**Required work**. Write the data out again, exactly as given.

BEGIN Task input

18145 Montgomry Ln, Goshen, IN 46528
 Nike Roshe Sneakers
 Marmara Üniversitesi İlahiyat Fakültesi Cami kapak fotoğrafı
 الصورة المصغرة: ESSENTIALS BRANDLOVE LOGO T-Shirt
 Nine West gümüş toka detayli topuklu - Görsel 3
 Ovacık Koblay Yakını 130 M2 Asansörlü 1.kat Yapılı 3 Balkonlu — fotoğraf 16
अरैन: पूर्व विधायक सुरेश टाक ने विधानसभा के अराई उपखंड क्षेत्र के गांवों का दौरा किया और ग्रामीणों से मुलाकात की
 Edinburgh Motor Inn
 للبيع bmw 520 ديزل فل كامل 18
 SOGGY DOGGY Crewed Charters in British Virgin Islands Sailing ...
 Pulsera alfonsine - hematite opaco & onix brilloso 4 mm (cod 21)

END Task input

**Solution below**.
18145 Montgomry Ln, Goshen, IN 46528
 Nike Roshe Sneakers
 Marmara Üniversitesi İlahiyat Fakültesi Cami kapak fotoğrafı
 الصورة المصغرة: ESSENTIALS BRANDLOVE LOGO T-Shirt
 Nine West gümüş toka detayli topuklu - Görsel 3
 Ovacık Koblay Yakını 130 M2 Asansörlü 1.kat Yapılı 3 Balkonlu — fotoğraf 16
अरैन: पूर्व विधायक सुरेश टाक ने विधानसभा के अराई उपखंड क्षेत्र के गांवों का दौरा किया और ग्रामीणों से मुलाकात की
 Edinburgh Motor Inn
 للبيع bmw 520 ديزل فل كامل 18
 SOGGY DOGGY Crewed Charters in British Virgin Islands Sailing ...
 Pulsera alfonsine - hematite opaco & onix brilloso 4 mm (cod 21)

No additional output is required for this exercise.